10 inches today here, Snow for next two days


----------



## RJ lindblom (Sep 21, 2006)

6 to 8 inches here. Woo Hoo! Starting tormorrow morning.


----------



## RJ lindblom (Sep 21, 2006)

So far nothing here in Rapid City this morning. Evidently it is supposed to start snowing around 8 AM.


----------



## 1olddogtwo (Aug 6, 2007)

Its 55 here in snowless Chicago, going to 60 today!


----------



## 1olddogtwo (Aug 6, 2007)

WHere is jtsnowstorm at with his forecast maps!!!!!!!!!!


----------



## Brian Young (Aug 13, 2005)

1olddogtwo;1563575 said:


> Its 55 here in snowless Chicago, going to 60 today!

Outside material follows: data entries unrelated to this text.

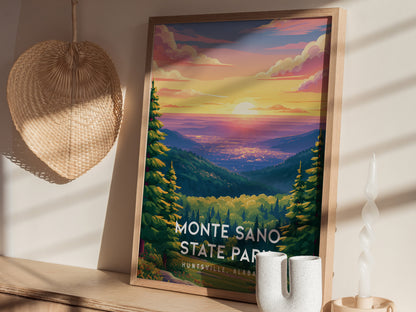 Monte Sano State Park, Huntsville, Alabama Poster | Mountain Forest Trail Destination Print Wall Art — styled in a modern int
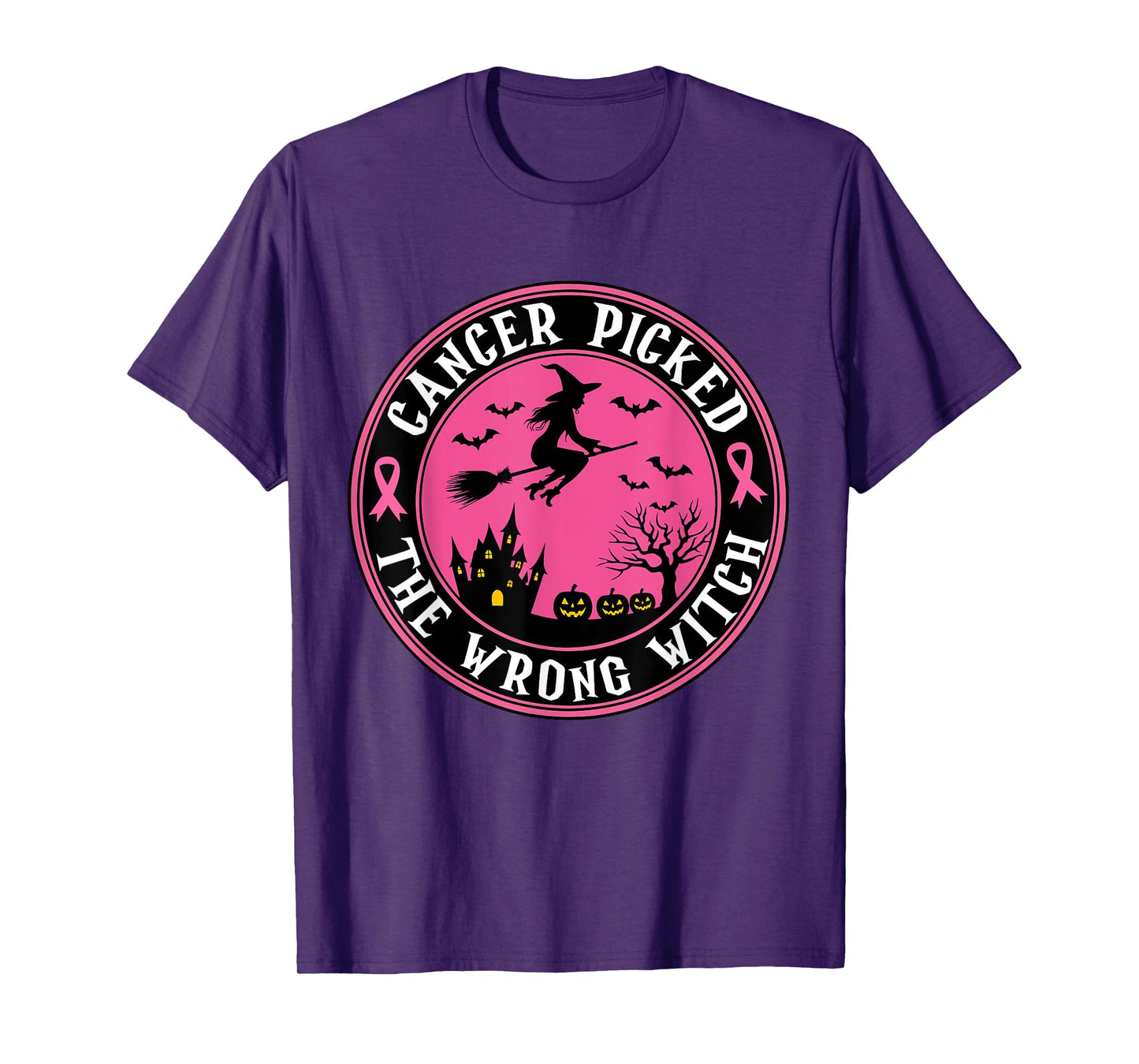Cancer Picked the Wrong Witch Halloween Breast Cancer T-Shirt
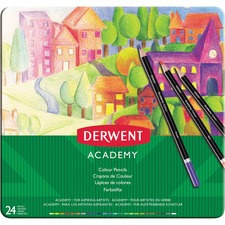 Derwent Colored Pencils, 3.3mm Core, Metal Tin, 24 Count DWT2301938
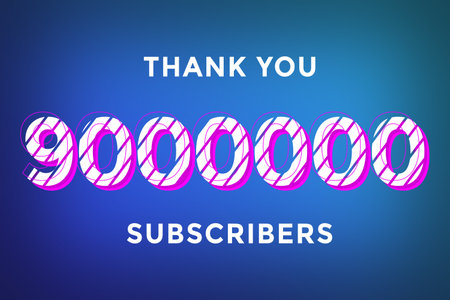 9000000 subscribers celebration greeting banner with Stripe Designの写真素材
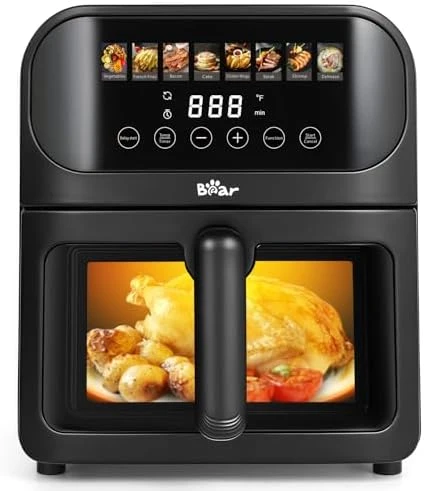 Air Fryer, 6.4Qt Stainless Steel with 8 Presets — Air Fryer, Bear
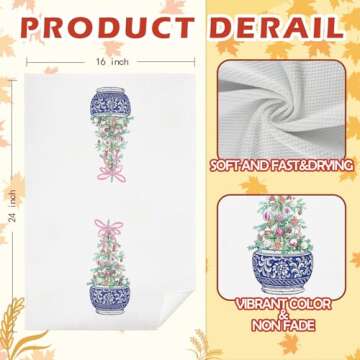 SPBL&L Chinoiserie Christmas Kitchen Towels, Pink Bow Christmas Tree Hand Towels for Bathroom, Blue and White Porcelain Chinoiserie Christmas Dish Towels, Christmas Kitchen Bathroom Decor, 16x24 Inch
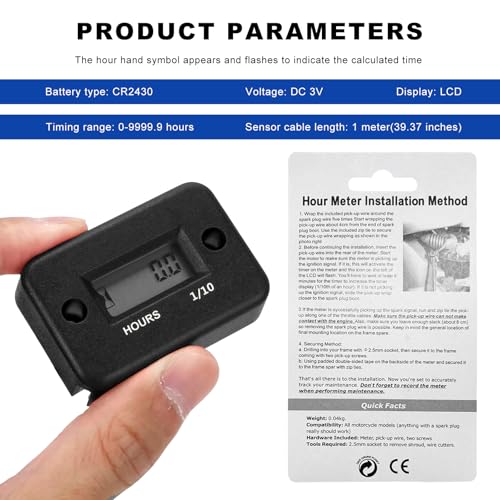 Sun Walker 2PCS Inductive Hour Meter, Waterproof Hour Meter Automatically Shutdown Hr Counter, Digital LCD Hourmeter Maintenance Reminder for Gas Engine Powered Motorcycle Snowmobile (Black) - color: Black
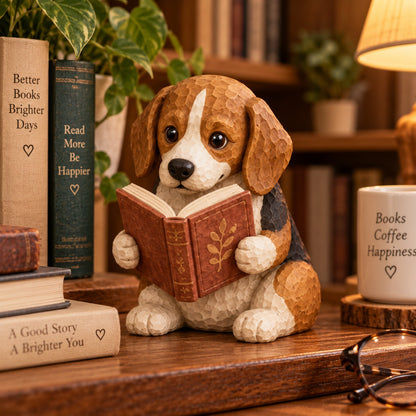 🐶 Reading Dog Figurine Decorative Ornaments | The Heartwarming Spirit of Loyal Reading Companions！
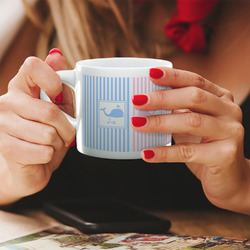 Striped w/ Whales Double Shot Espresso Cup - Single (Personalized)
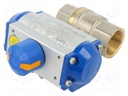 Ball valve; max.25bar; brass; TEFLON; A: 137mm; B: 71mm; C: 139mm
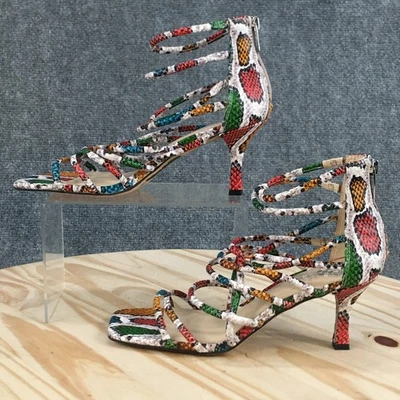 NUEVO Tacones Vince Camuto Mujer 7.5M Ambaritano Estampado Serpiente Tirantes al Tobillo Multicolor Foto 1 de 4
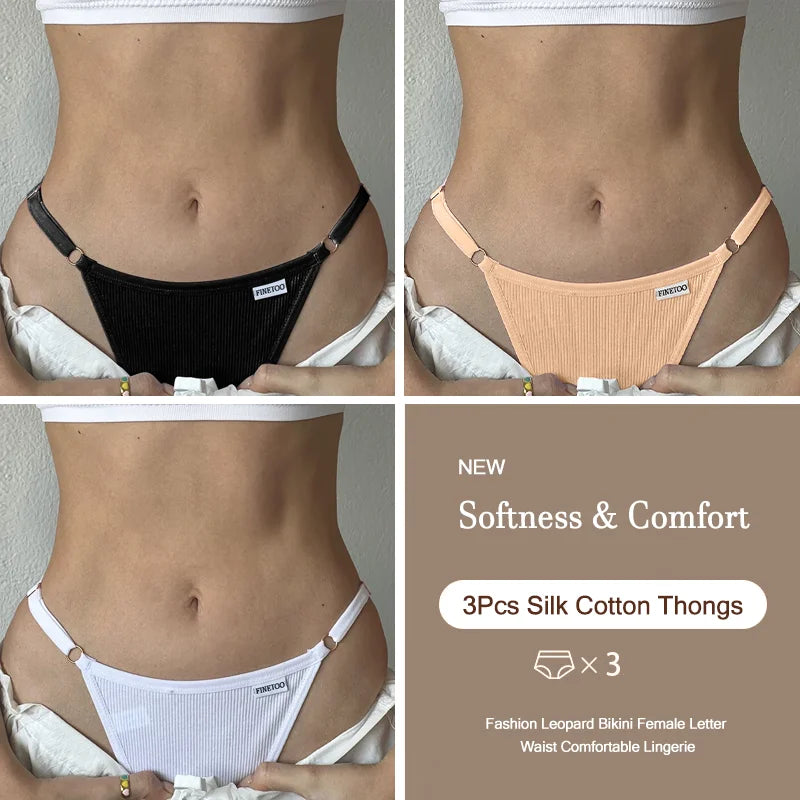 3-Pack Adjustable Cotton Thongs – Low-Waist & Seamless🌸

Hey olddog, I see what you mean about the center gap! mine has to be at least 1/2- 3/4 wide! I asked the dealer and he said thats just how they're making them. A friend of mine has a plastics shop with a machine shop built in, i'm going to see if he might be able to do what you did. I never had a gap that wide.


----------



## Raymond S. (Jan 8, 2008)

"Winter storm Gandolph renamed to Amanda!" That was my first girlfriend in high school. Nothing but a tease and never really lived up to the hype.


----------



## RJ lindblom (Sep 21, 2006)

Raymond S.;1563700 said:


> "Winter storm Gandolph renamed to Amanda!" That was my first girlfriend in high school. Nothing but a tease and never really lived up to the hype.


LOL. Yup. It is starting to snow here.


----------



## SnowMatt13 (Jan 8, 2003)

I knew it wasn't headed for Chicago, otherwise it would have been named let-down, or bust or dud.....:laughing:


----------



## IDOCTORTREES (Dec 27, 2006)

Day 4 of plowing....$$$


----------